§ **What is being asked**:
Within the entries below, find the portion that opens with the line containing "Como Redefinir a" and closes with the line containing "BT: Evakuerer togpassasjerer på Bergensbanen". Retype that portion exactly and only.

§ **Excerpted records**:
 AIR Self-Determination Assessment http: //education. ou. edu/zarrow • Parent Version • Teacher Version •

* * *

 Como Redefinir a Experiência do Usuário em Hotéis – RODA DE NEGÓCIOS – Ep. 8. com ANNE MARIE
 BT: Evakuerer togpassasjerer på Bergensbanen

§ **Task answer**:
 Como Redefinir a Experiência do Usuário em Hotéis – RODA DE NEGÓCIOS – Ep. 8. com ANNE MARIE
 BT: Evakuerer togpassasjerer på Bergensbanen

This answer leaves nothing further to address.